G. Rajashekharan , Professor Emeritus, The Institute of Mathematical Sciences (IMSC) Chennai rubbishes the arguments against Neutrino Project in Tamil Nadu - Kerala stretch of Western Ghats. The scientist, associated with the Neutrino project for the past 18 years, allayed fears regarding the threat to ecology, environment and hydel projects. He said the project would be up and running in five years if everything goes smoothly - As told to Gilvester Assary
For the past 18 years we have been struggling for this project. Many scientists and experts are behind it. How can we call ourselves a developing country? Even after 18 years the project has not seen the light of the day. If this stalemate continues who is going to suffer? It is the students of India, especially from Tamil Nadu and Kerala, whose progress will be impeded.
The so called activists are standing against the progress of our own students. Experimental science is nought in our country and very new. It has taken 18 years for us to even put the first step. How can we call ourselves a developing country?
Neutrinos are there all around us, passing through us all the time. In other words 1 lakh crore neutrinos are passing through our body and everybody’s body per sq cm per second. These are absolutely harmless particles, whether we do the experiment or not they are passing through.
It very difficult to track and do experiment and that is why they have to go deep underground. One km of hard rock is required to install a neutrino detector, otherwise the detector will detect all other particles coming in abundance and it will escape detection. All other particles will have to be filtered through one km rock.
We chose this mountain site primarily because it was a completely barren land. When I saw this land I thought we could have gone to Nilgiris and that would have been ideal. The government would have allowed us to construct the
tunnel there and by now experiments would have been going on.

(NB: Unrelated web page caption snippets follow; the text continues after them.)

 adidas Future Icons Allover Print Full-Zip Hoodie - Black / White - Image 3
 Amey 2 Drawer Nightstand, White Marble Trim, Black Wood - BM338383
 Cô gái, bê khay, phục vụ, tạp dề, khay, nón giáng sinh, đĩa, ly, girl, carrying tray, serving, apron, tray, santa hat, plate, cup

Those raising objections do not understand the rudiments of science. Either they do not understand or they do not want to understand. What can we do? To detect we have to go deep underground. There are allegations that if we dig 1 km tunnel it would destroy Western Ghats. For the last 100 years over 150 km of tunnels have been built by Tamil Nadu Electricity Board.

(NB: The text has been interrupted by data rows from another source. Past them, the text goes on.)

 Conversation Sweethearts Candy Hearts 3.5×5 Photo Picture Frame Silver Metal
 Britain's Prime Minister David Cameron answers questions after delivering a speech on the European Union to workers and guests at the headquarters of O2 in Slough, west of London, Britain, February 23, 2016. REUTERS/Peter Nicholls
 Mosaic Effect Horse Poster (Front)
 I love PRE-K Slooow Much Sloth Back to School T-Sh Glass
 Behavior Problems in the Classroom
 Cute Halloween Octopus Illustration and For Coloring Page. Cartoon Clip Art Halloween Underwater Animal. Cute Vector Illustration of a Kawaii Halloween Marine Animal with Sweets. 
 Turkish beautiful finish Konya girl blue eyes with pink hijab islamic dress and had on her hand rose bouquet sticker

Those who are now levelling allegations are using the same electricity. Why don’t they refuse to use the electricity produced by boring tunnels in the ghats? All these comforts came because of science.In fact the environmentalists don’t understand so they are basically opposing for the sake of it. The other allegation is that water bodies will be destroyed. How can it be destroyed?
There is absolutely no water body in this particular spot. The nearest dam, Idukki dam, is far away. There is a tunnel even under the Idukki dam. They don’t see the facts and they are raising baseless allegations and resorting to false propaganda to prevent it.

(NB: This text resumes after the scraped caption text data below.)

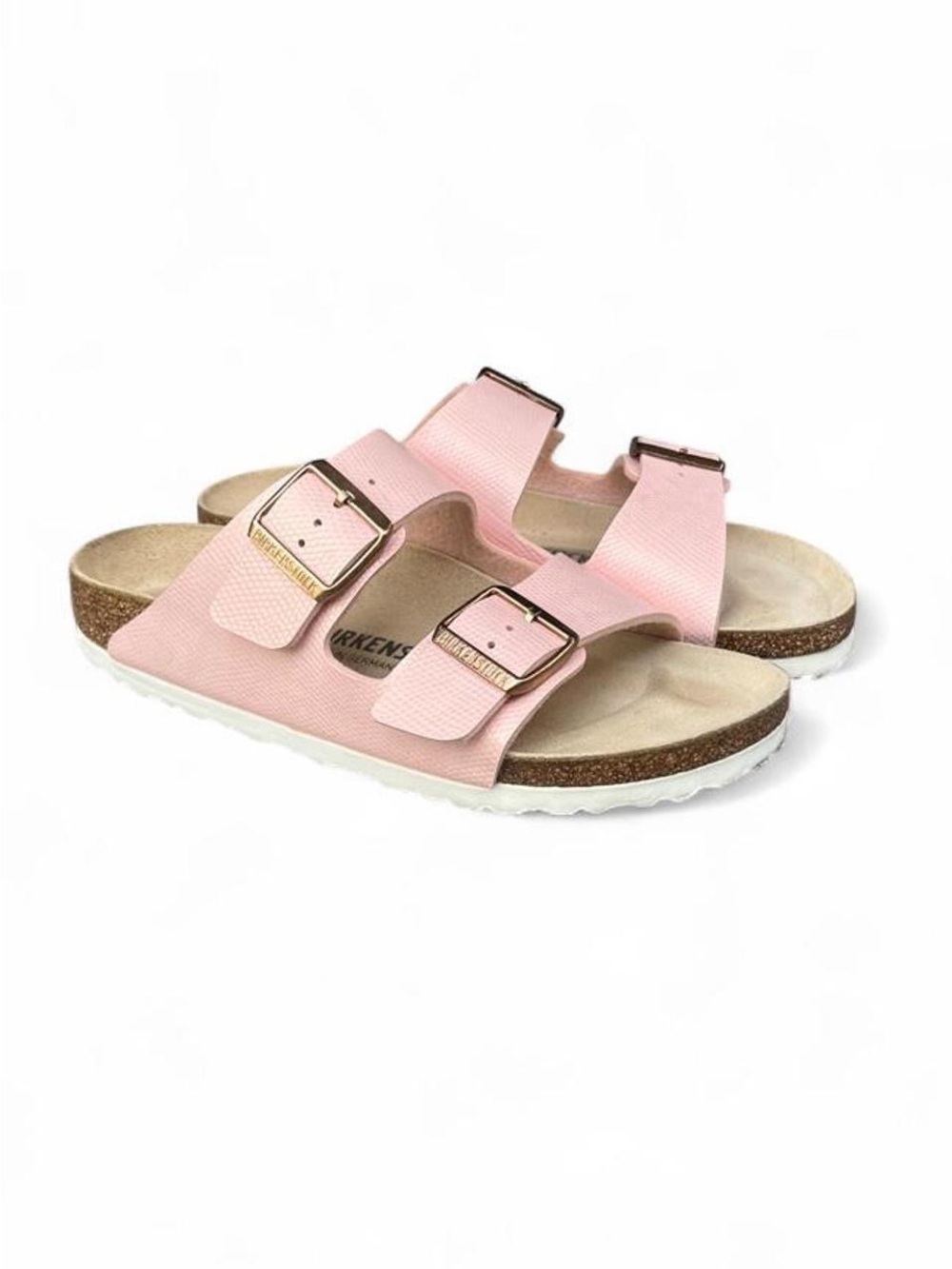 Birkenstock Arizona Shiny Lizard Light Rose Sandals EU 39 Women's 8 Narrow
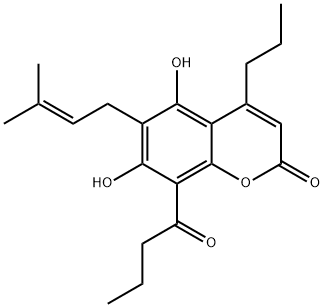 4-Propyl-5,7-dihydroxy-6-(3-methyl-2-butenyl)-8-butyryl-2H-1-benzopyran-2-one Struktur
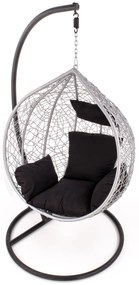 Závesné hojdacie kreslo EGGY šedé/čierne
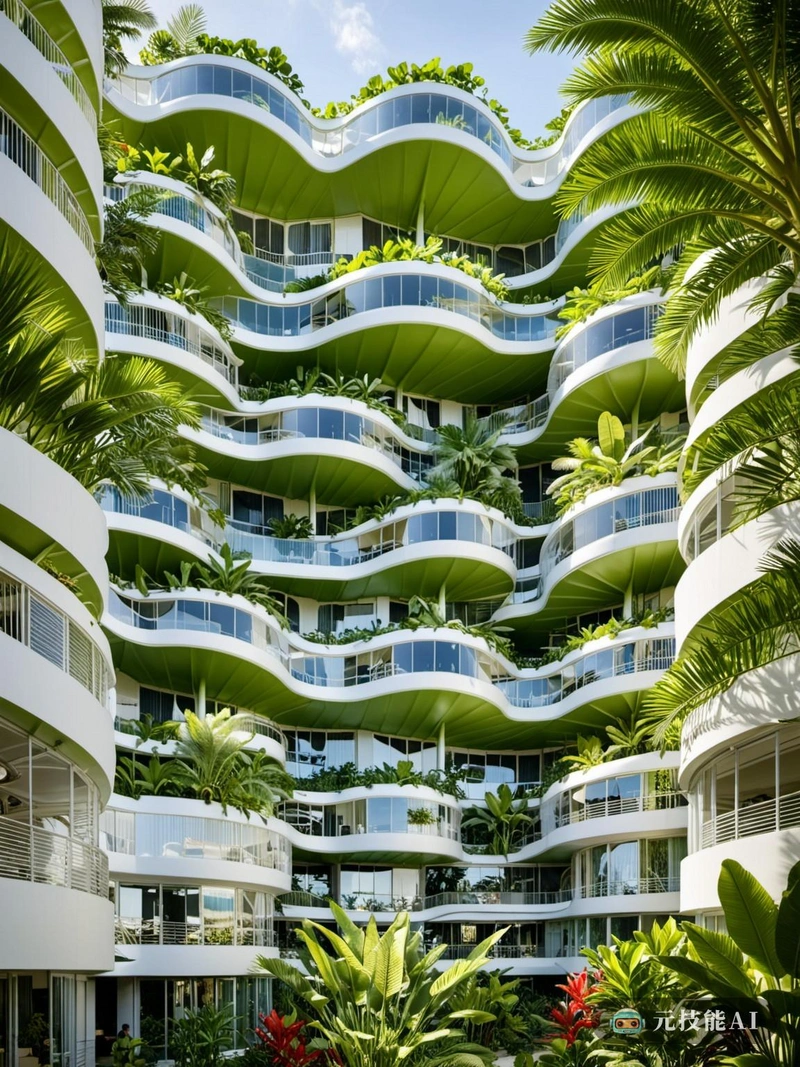 热带未来主义住宅是一个独特的住宅综合体，旨在融合热带植物园的魅力和最前沿的蓬皮杜风格建筑。该综合体体现了有机建筑原则，利用合成树脂等高分子合成材料创造出与自然环境无缝融合的和谐结构。全景设计元素被纳入为居民提供郁郁葱葱的绿色植物，确保每间公寓感觉像一个私人热带天堂。高科技的功能无缝集成，提供现代化的便利，同时保持一个环保的足迹。热带未来主义住宅是与自然和谐相处的可持续生活之美的证明。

The region falls under Seismic Zone No II. Seismic zone III and IV are worst but II is best. We had sought the help of the Geological Survey of India and its director to locate this area. They made a systematic investigation and only after that it was approved.
Earlier when there were no issues involved with the project, SAICON had conducted an environment impact assessment study. However, later they wanted it from an accredited agency. So another agency conducted it.
I have personally visited the area a dozen times. We carried out outreach programmes for the local villagers, heard their concerns and their fears were allayed by experts from INO.
Once the tunnel is built, it will house a massive 50 kilo ton iron calorimeter (ICAL) detector, a magnetised iron structure embedded with 30,000 glass detectors. This is the world’s biggest electromagnetic detector. The proposed project is aimed at creating a big number of dedicated Indian high energy physics researchers with several universities and research centres taking part in this venture.
This project is feasible and will bring back active experimental neutrino research that was given by science communities in the late 1980's. The primary aim of the neutrino detector is to study the atmospheric neutrino isolation it will determine the neutrino mixing parameters precisely and also address the question neutrino mass.
The chief feature will be that it can differentiate between neutrinos and anti neutrinos. About a km of rock is required to filter cosmic rays so that the detector can become sensitive enough to detect neutrinos.
Usually such experiments are done in deep mines or under a mountain. The Bodhi West Hills in Theni district has been chosen after many surveys, as a suitable place for the project. It is 110 km west of city of Madurai. The geological seismic and environmental factors, all of them favour this. The INO project is undoubtedly a major opportunity for Indian science.
(The writer is Prof Emeritus, The Institute of Mathematical Sciences)...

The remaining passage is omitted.